Spending time with Ms. Robertson, Mr. Bayle said he worried that her “rose-colored view of Paris,” as he put it, might eventually fade and that she might start damming the Seine like any other river , or the Arc de Triomphe as just another monument, and decide to return to New York or Princeton, or maybe even go to London.

But those fears didn’t stop her from continuing to this day, and over the months that followed she became as much a part of his life in Paris as any of its centuries-old attractions.

“She has balanced my life in such a way that I can’t imagine being without her,” said Mr Bayle, who introduced Ms Robertson to his family in early 2019. “My mother and sister, who really loved Miranda, would not want her to leave either.”

“Losing her would have been just awful,” he added. “So I did everything I could to keep her with me.”
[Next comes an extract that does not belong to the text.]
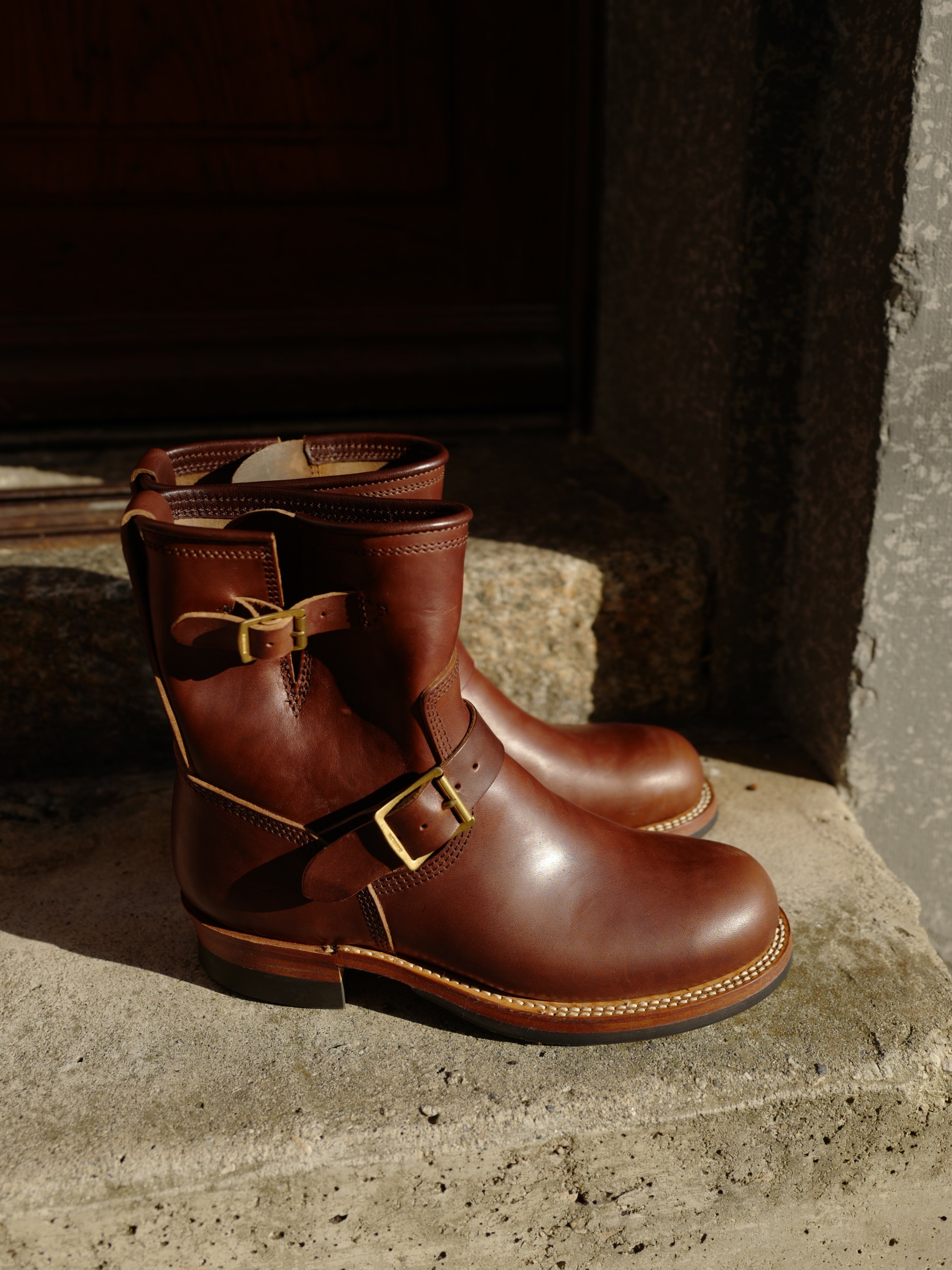 THE FLAT HEAD - Vegetable Tanned Tea-Core Horsehide Engineer Boots in Brown - Tempo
Ms. Robertson, while unsure of her long-term plan, was equally smitten with Mr. Bayle. “What I appreciated most was how patient he was, especially in the beginning when we were talking, and my French was a little rusty,” she said.
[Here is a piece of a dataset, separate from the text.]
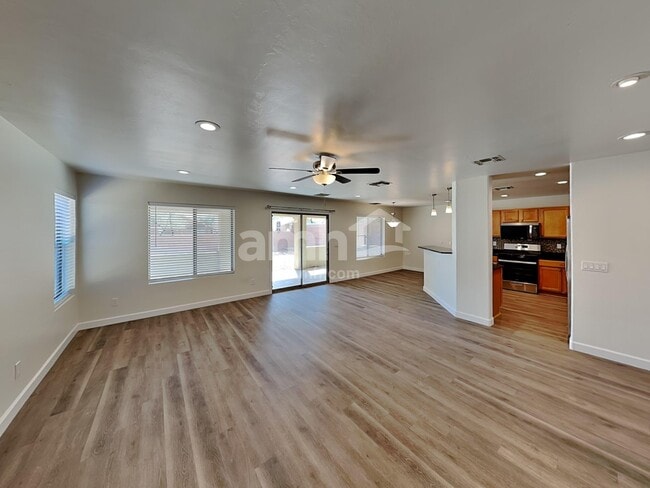 Foto del edificio - 711 W Flaming Arrow Dr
The moment that sealed their relationship, Ms Robertson said, happened on their first holiday together: a trip to Burgundy, France, in January 2019.

“We traveled and explored Burgundy all day and night and just had a blast,” said Ms Robertson. “When we got back to our hotel room he just started dancing and then we both started dancing, we were having so much fun.”

When Ms Robertson and Mr Bayle traveled to Scotland together nine months later, in October 2019, they both felt they never wanted to be apart. The following year, on January 1, 2020, they moved into an apartment in Paris together.

They would be spending more time together than they ever dreamed of with the advent of the coronavirus.

“When Paris went into extreme lockdown, we both started working remotely and sat back-to-back in a really tiny space,” Ms Robertson said.

“It was a very challenging time,” she adds, “but the challenge made it clear to us that we worked very well together even under the circumstances.”

Although Mr Bayle agreed that “the virus has brought us closer as a couple”, he waited until France’s third lockdown ended to propose to Ms Robertson.

“I wanted the moment to be special and not linked to our Covid memories,” Mr Bayle said. Knowing that he “wanted to propose in the midst of beautiful nature,” he planned to do so in May 2021 on a trip to Alsace, a historic region in north-eastern France.

On May 28, 2021, while they were on a morning hike through silent woods to the Cascade du Hohwald, a waterfall in Le Hohwald, France, he fell on one knee and asked Mrs Robertson to marry him.

She said yes, and they celebrated over lunch in Colmar, a city known for its magnificent architecture, where they shared a good helping of the region’s sparkling wine, Crémant d’Alsace.

“I felt like I was on cloud nine for the rest of the weekend,” said Ms. Robertson.

The couple married on March 5 in a civil ceremony at Les Molières town hall, whose mayor Yvan Lubraneski officiated in front of 40 vaccinated guests, including both sets of parents.

Later that day they held a religious ceremony with 100 guests vaccinated. It was presided over by Rev. Christian Remond, a Roman Catholic priest, at the nearby Église Saint-Clair de Gometz-le-Chatel, a church in Gometz-le-Chatel, France.

Following the ceremonies, the couple and their guests enjoyed a reception at the Domaine de Quincampoix, a centuries-old private estate-turned-venue in Les Molières.

Reflecting on the wedding, the bride said her love for Paris “made me want to find the love of my life.”

“For me, meeting and falling in love with Nico was a sure sign that I really belong here,” she added.


When March 5, 2022

Where from Les Molières town hall, France

Compliments, the Quaker way In honor of the bride’s faith, the couple’s 60-person rehearsal dinner on March 4 began with Quaker wedding tradition, with individual guests taking a moment to say nice things about the soon-to-be married couple.

gone hiking The newlyweds, both avid hikers, say pastime will once again play a prominent role in their relationship as they plan to eventually spend their honeymoon hiking in Norway, a place they have yet to visit together.